Para Lucas, então, o chamado ao discipulado é fundamentalmente um convite para as pessoas se alinharem com Jesus e, portanto, com Deus. Isso significa que, para ser membro do povo de Deus, o enfoque é removido das questões de status herdado e um prêmio é colocado sobre as pessoas cujos comportamentos manifestam seu abraço absoluto do Deus da graça. "Filhos de Abraão" genuínos são aqueles que incorporam em suas vidas a beneficência de Deus e que expressam misericórdia de mãos abertas aos outros, especialmente aos necessitados. Assim, Jesus exorta as pessoas a viverem como ele vive, em contraposição à forma egoística e competitiva de vida marcada por noções convencionais de honra e status típicas do mundo romano mais amplo. Comportamentos que crescem fora de serviço no reino de Deus tomam um rumo diferente: ame seus inimigos. Faça bem para aqueles que te odeiam. Estenda a hospitalidade àqueles que não podem retribuir. Dê sem expectativa de retorno. Tais práticas só são possíveis para aqueles cujas disposições, cujas convicções e compromissos, foram remodeladas pelo encontro transformador com a bondade de Deus. No Terceiro Evangelho, o principal concorrente para esse foco é o Dinheiro – não tanto dinheiro em si, mas a regra do Dinheiro, manifesta na busca por louvor social e, portanto, em formas de vida destinadas a manter aqueles com poder e privilégio segregados dos de baixo status, dos menores, dos perdidos e dos excluídos.

Os discípulos de Jesus não são inteiramente bem sucedidos em incorporar fidelidade desta natureza e magnitude. Isso torna ainda mais impressionante o testemunho de Lucas sobre os outros, quase sem ninguém na narrativa, que manifesta uma percepção inesperada do propósito de Deus e responde à mensagem de Jesus de maneiras exemplares: uma mulher pecadora da cidade (7:36-50), um rico cobrador de imposto (19: 1-10), um criminoso crucificado (23: 39-43), para mencionar três. Por sua parte, os discípulos acham que “seguir Jesus” é principalmente sobre estar “com” Jesus – aprendendo com Ele, tornando-se socializado novamente de acordo com a nova ordem mundial que Seu ministério serve, propaga e antecipa – tudo em preparação para seus papeis como testemunhas nos Atos dos Apóstolos.

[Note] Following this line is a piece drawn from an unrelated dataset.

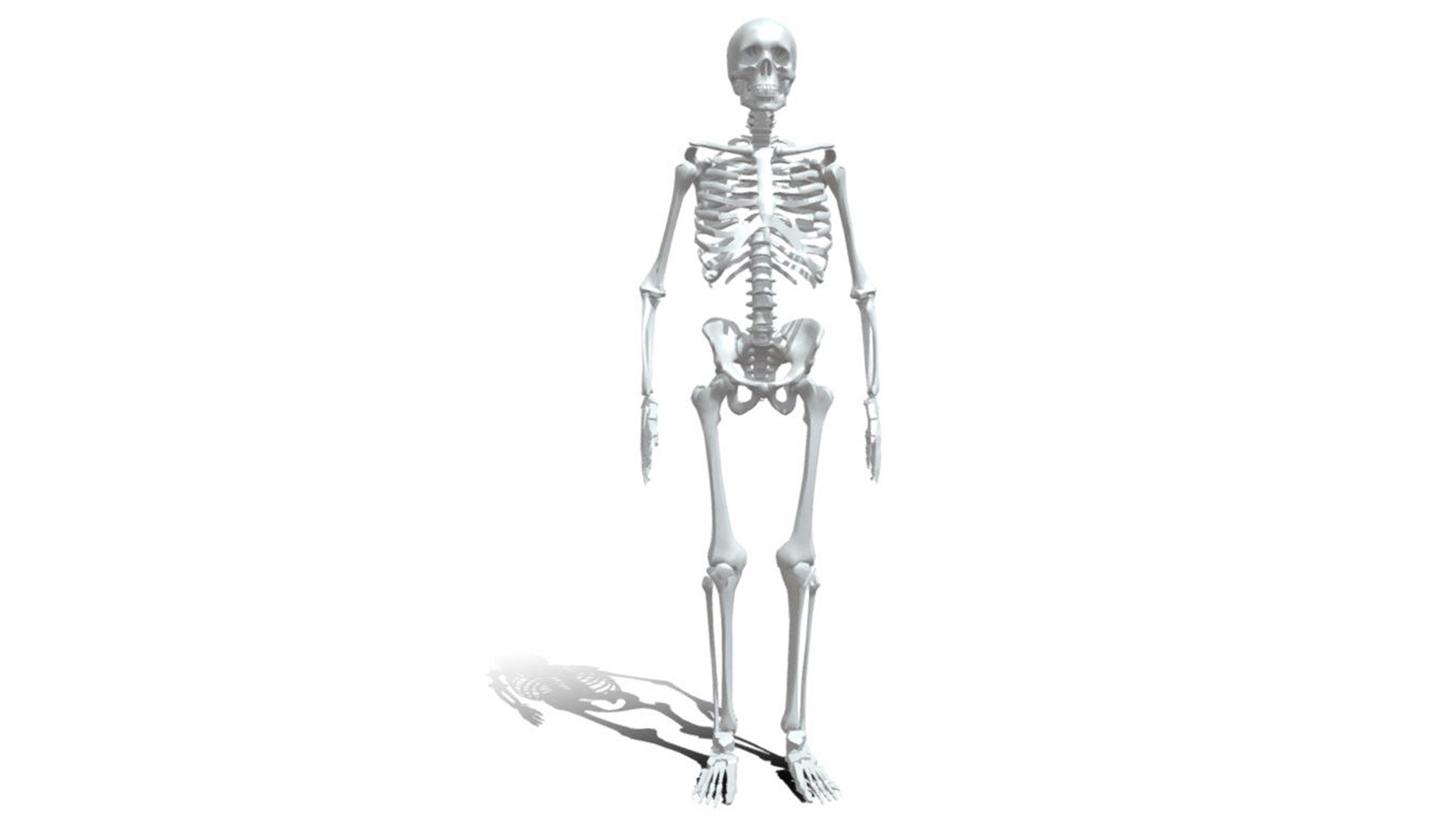3D Human anatomy skeleton model Biology Diagrams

Se os discípulos lutam para abraçar a fidelidade como isso é definido e modelado por Jesus, outros defendem o contrário. Aqueles hostis a Jesus calculam a agenda divina de acordo com linhas bem diferentes e veem Seu ministério como uma ameaça às suas próprias posições de liderança e às instituições que perpetuam a atual ordem das coisas. Em resumo, eles veem Jesus como se opondo ao próprio Deus (isto é, Deus como eles entendem que Deus seja), e assim alguém a ser resistido a todo custo. O próprio diabo se opõe ao objetivo divino e, da perspectiva de Lucas, os objetivos do diabo são servidos tanto por forças diabólicas que oprimem as pessoas como por outros, incluindo a liderança judaica em Jerusalém, que se opõe a Deus. O rio da hostilidade se amplia cada vez mais, finalmente transbordando suas margens à paixão de Jesus, resultando em sua rejeição final, crucificação e morte.

Por toda parte, a narrativa de Lucas concentra a atenção em um tema penetrante e coordenador: a salvação. A salvação não é nem etérea nem meramente futura, mas abraça a vida no presente, restaurando a integridade da vida humana, revitalizando as comunidades humanas, colocando o cosmos em ordem, e encarregando a comunidade do povo de Deus de colocar a graça de Deus em prática entre si e para sempre círculos de ampliação de outros. O Terceiro Evangelista não sabe nada de tais dicotomias como aquelas às vezes desenhadas entre sociais e espirituais ou individuais e comunais. A salvação abrange a totalidade da vida encarnada, incluindo suas preocupações sociais, econômicas e políticas. Para Lucas, o Deus de Israel é o Grande Benfeitor cujo propósito redentor se manifesta na carreira de Jesus, cuja mensagem é que esse benefício capacita e inspira novas maneiras de viver no mundo.

GREEN, Joel B. (1997). The Gospel of Luke. p.21–25. Grand Rapids, MI: Wm. B. Eerdmans Publishing Co.
 


Cristão Protestante, Servo de Cristo,Missionário e estudante de Teologia. Estudou Curso Bíblico e Teológico no CEIBEL, Teologia Pastoral e Missiologia pelo Seminário Teológico Nacional, Bacharel em Teologia pela Universidade da Bíblia, e Teologia Reformada na FATERGE - Faculdade de Teologia Reformada de Genebra.